Quick Guide

Of course, follow the installation instructions first. A complete working example is shown below, and in the section that follows each command is described in detail.

Basic example

Here we show the input file required for the study of the solvation of a protein by the TMAO solvent, which is a molecule with 14 atoms. The protein is assumed to be at infinite dilution in the simulation. The trajectory of the simulation is in DCD format in this example, which is the default output of NAMD and CHARMM simulation packages.

Input files

The files necessary to run this would be:

  • system.pdb: a PDB file of the complete simulated system.
  • trajectory.dcd: the simulation trajectory, here exemplified in the DCD format.
  • script.jl: the Julia script, described below.

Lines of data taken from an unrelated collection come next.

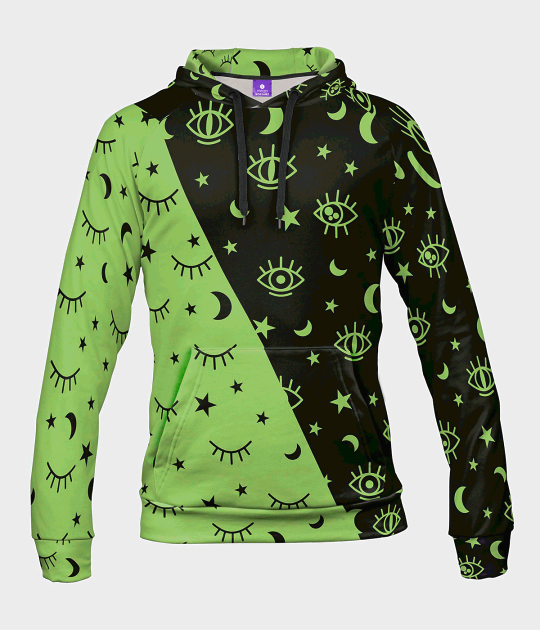 Bluza damska fullprint z kapturem Oczy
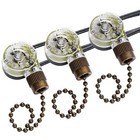 3 Pack Ceiling Fan Pull Chain Switch Zing Ear Ze 109 Two Wire Light Switch New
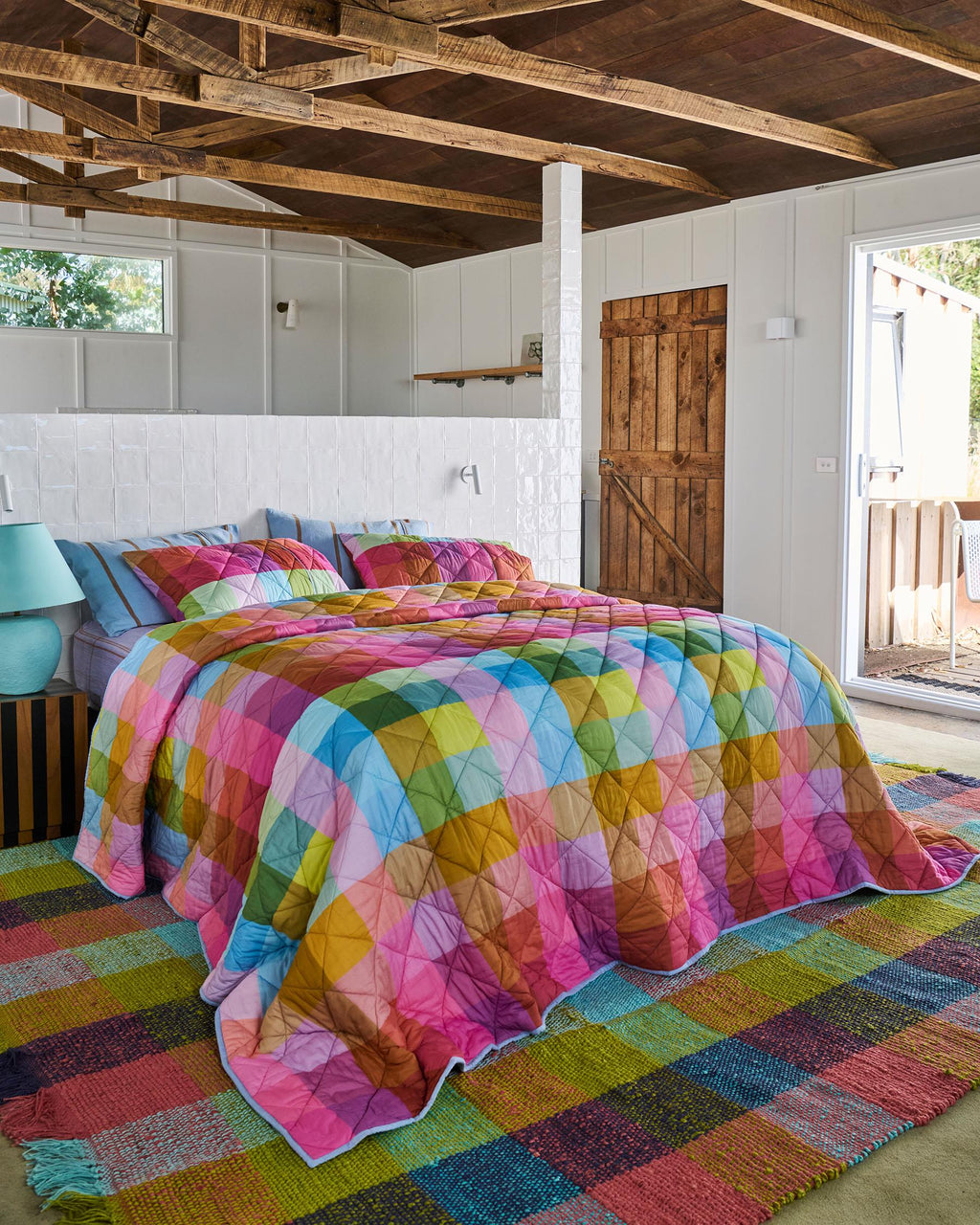 KIP & CO - ORGANIC COTTON QUILTED BEDSPREAD LARGE - PONZA TARTAN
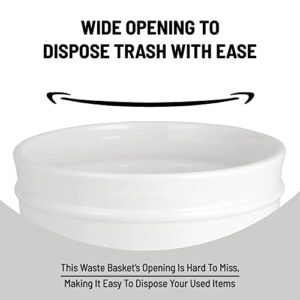 Popular Bath Waste Basket, Isabella Collection, White/Chrome
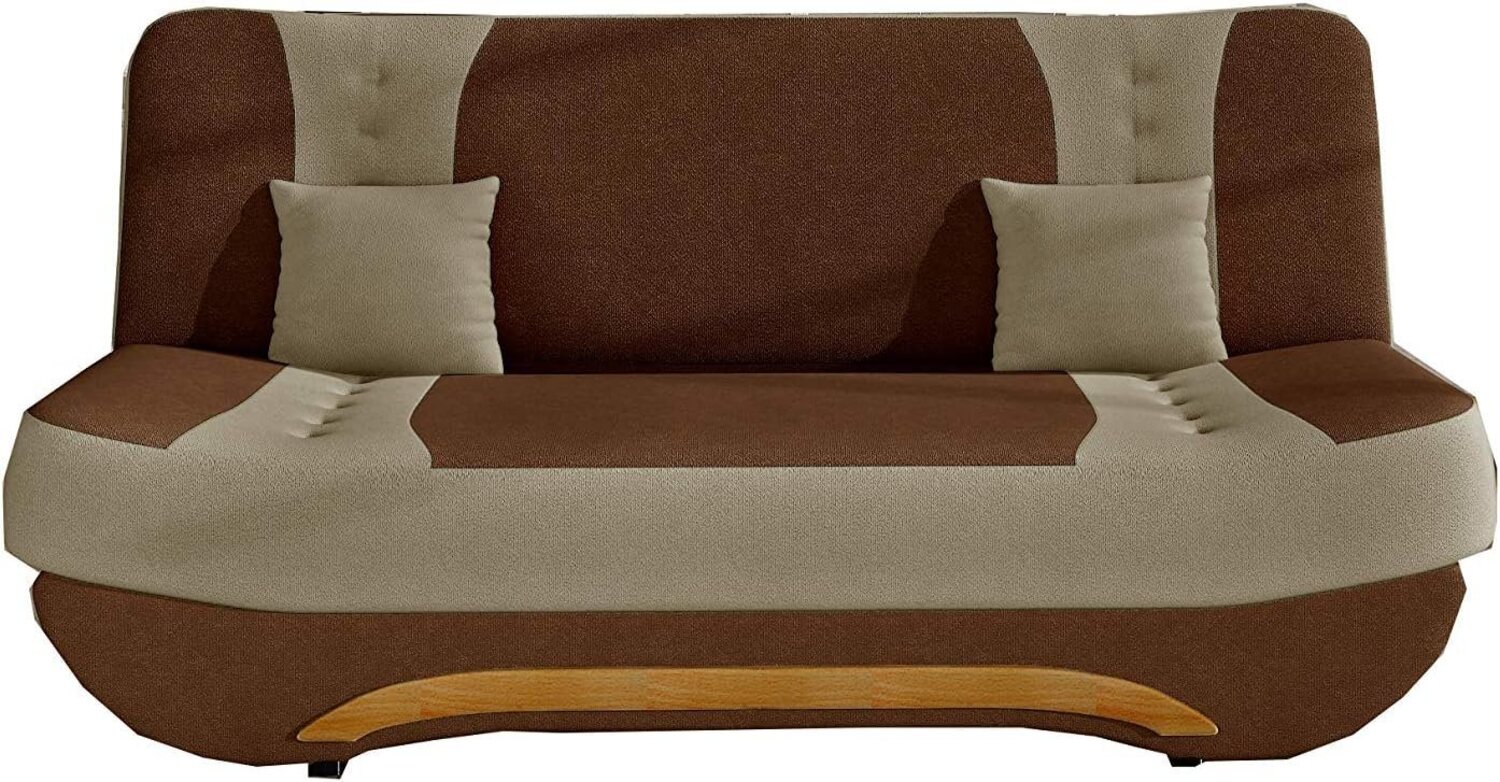 MOEBLO Schlafsofa Feba, Couch für Wohnzimmer Sofagarnitur Polstersofa Kippsofa Klappsofa Click-Clack, mit Schlaffunktion und Bettkasten Bild 1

These files are not provided for this example. For complete running examples, please check our examples section.

The Julia script

# Activate environment (see the Installation -> Recommended Workflow manual section)
import Pkg;
Pkg.activate(".");

# Load packages
using ComplexMixtures
using PDBTools
using Plots

# Load PDB file of the system
atoms = readPDB("./system.pdb")

# Select the protein and the TMAO molecules
protein = select(atoms, "protein")
tmao = select(atoms, "resname TMAO")

# Setup solute and solvent structures. We need to provide
# either the number of atoms per molecule, or the number
# of molecules in each selection.
solute = AtomSelection(protein, nmols=1)
solvent = AtomSelection(tmao, natomspermol=14)

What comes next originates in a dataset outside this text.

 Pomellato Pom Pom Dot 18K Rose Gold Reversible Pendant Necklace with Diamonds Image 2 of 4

# Run the calculation over the trajectory.dcd file and get results: 
# this is the computationally intensive part of the calculation.
results = mddf("./trajectory.dcd", solute, solvent, Options(bulk_range=(8.0, 12.0)))

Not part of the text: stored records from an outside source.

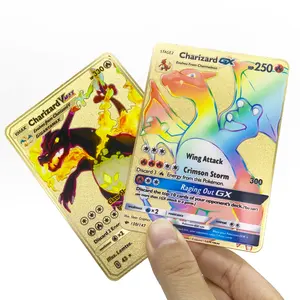 빠른 배송 사용자 정의 새로운 트레이딩 카드 게임 리자몽 피카츄 Vmax GX 골드 카드 금속 인기있는 포켓몬 놀이 카드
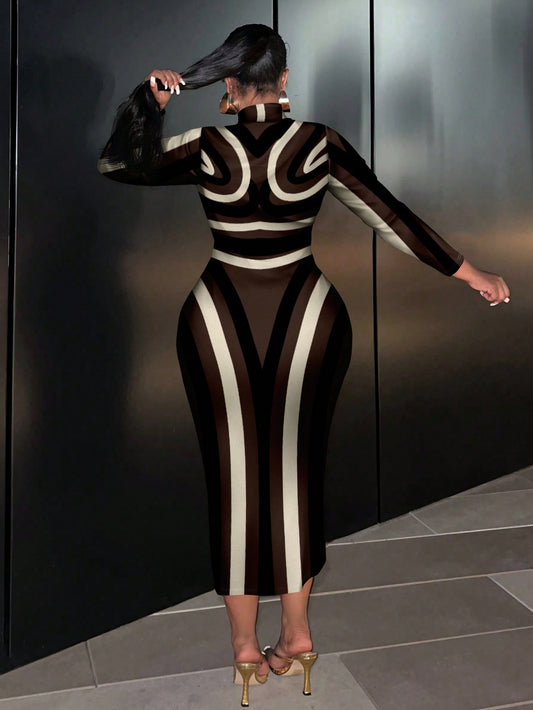 Artistic Print Long Sleeve Bodycon Dress - Body By J'ne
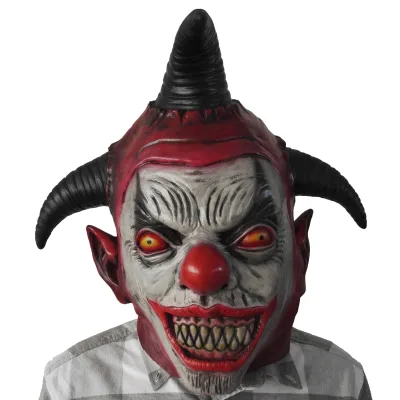 Halloween Scary Clown for Amscan Killer Jester Mask Evil Grin Latex Party Horror Mask for Masquerade and Terror Props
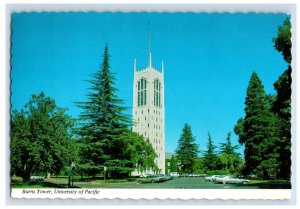 Vintage Burns Tower, University Of Pacific. California. Postcard &B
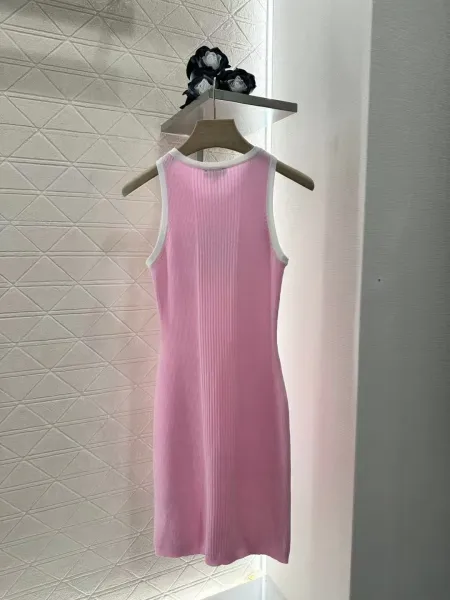 Design Ribbed Knit Sleeveless Dress Pink - 5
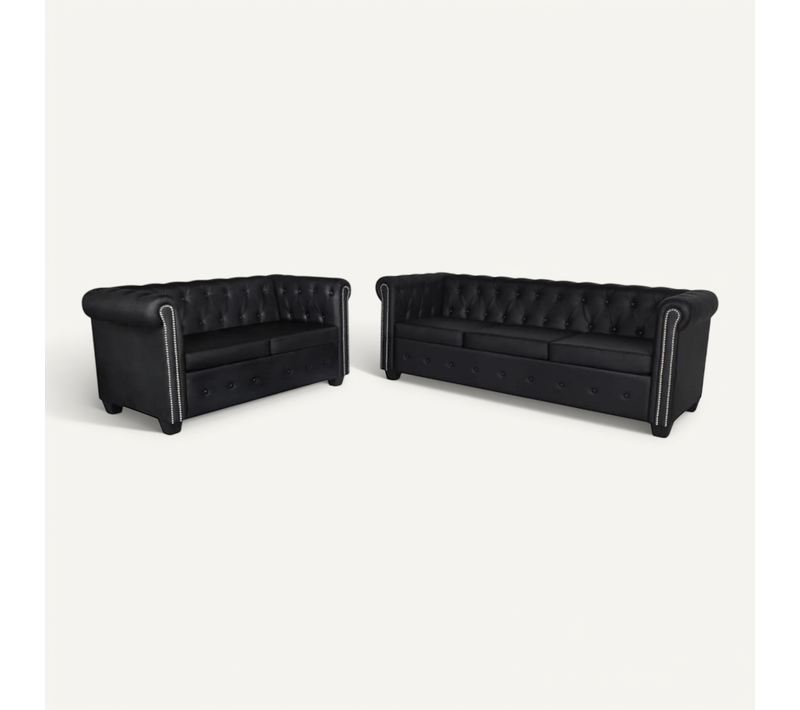 Jeu De Canapé À 2 Places Et À 3 Places Cuir Synthétique Noir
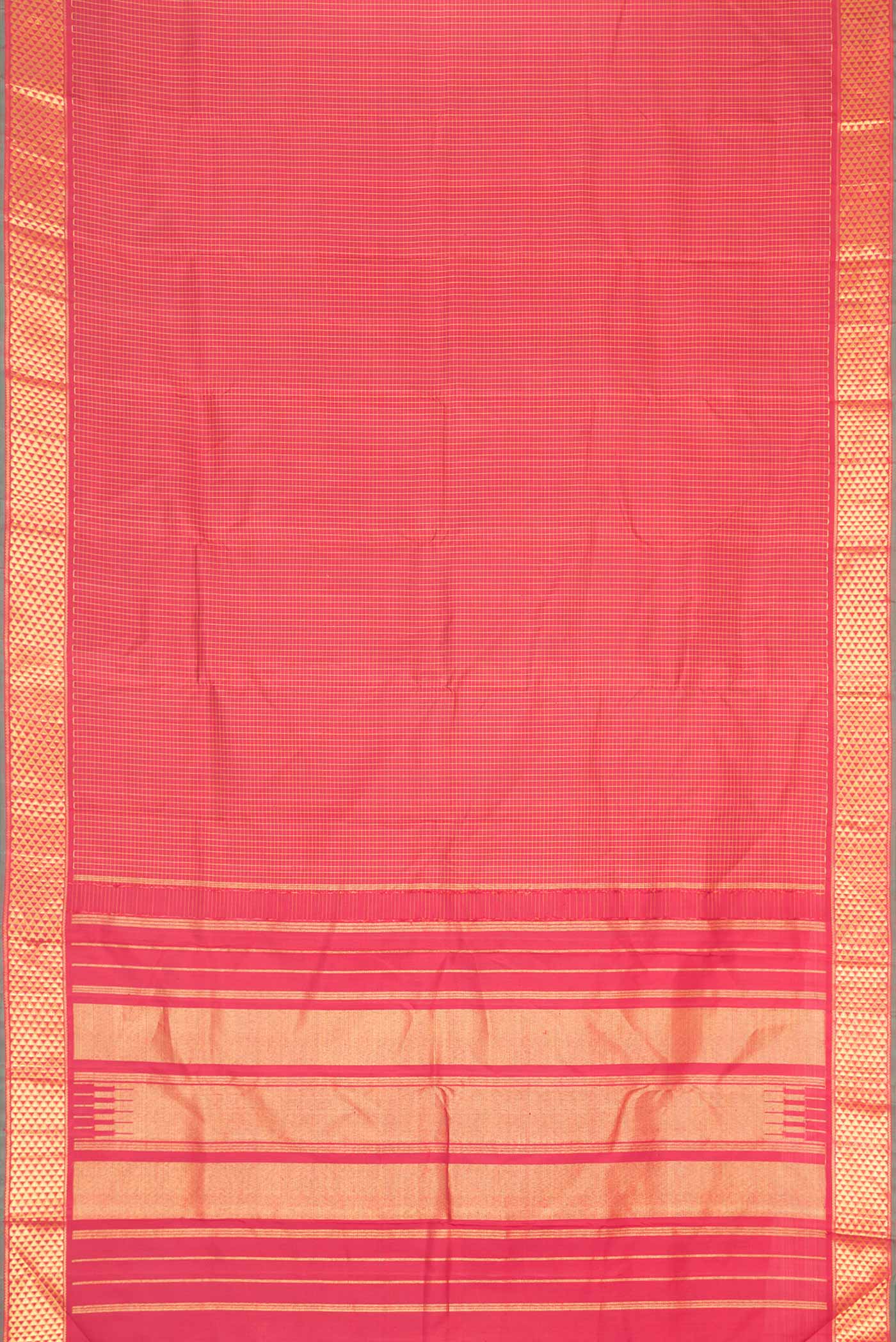 Pure Silk Pure Zari Maroon Dual Tone Kanchipuram Saree - Image 6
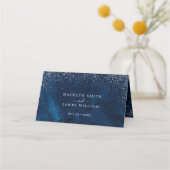 Navy Blau Silber Glitter Hochzeit Platzkarte (Rückseite)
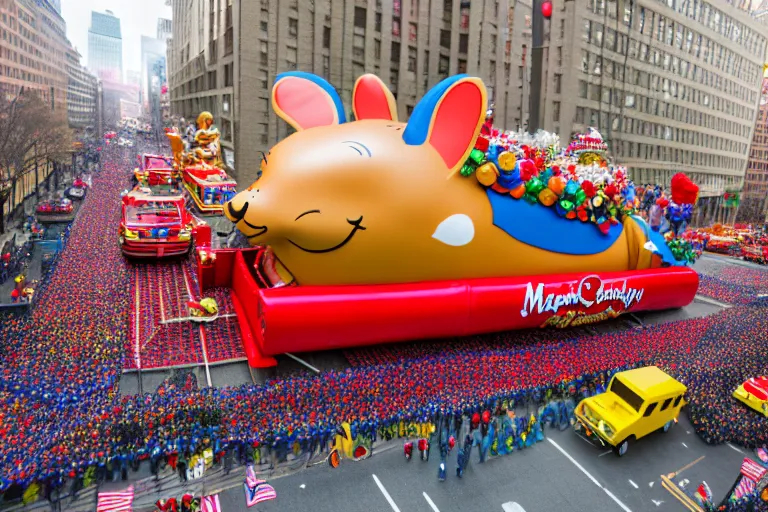 Prompt: photo of giant beautiful elaborate parade float designed by richard scarry, in the macys parade, detailed 4 k photo,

# Save the results to recover them later if required
save(results, "./results.json")

# Plot the some of the most important results.
#
# - The results.d array contains the distances. 
# - The results.mddf array contains the MDDF.
# - The results.kb array contains the Kirkwood-Buff integrals.
#
plot(results.d, results.mddf, xlabel="d / Å", ylabel="MDDF") # plot the MDDF
savefig("./mddf.pdf")
plot(results.d, results.kb, xlabel="d / Å", ylabel="KB / cm³ mol⁻¹") # plot the KB 
savefig("./kb.pdf")

Given that this code is saved into a file named script.jl, it can be run within the Julia REPL with:

julia> include("script.jl")

or directly with:

julia -t auto script.jl

where -t auto will launch julia with multi-threading. It is highly recommended to use multi-threading!

Note

Some newer CPUs have "fast" and "slow" cores, designed for performance or energy savings. Thus using all cores, with -t auto, may not be the best strategy for optimal performance. Experimenting with different number of cores using -t N where N is the number of cores used is always necessary for tunning performance.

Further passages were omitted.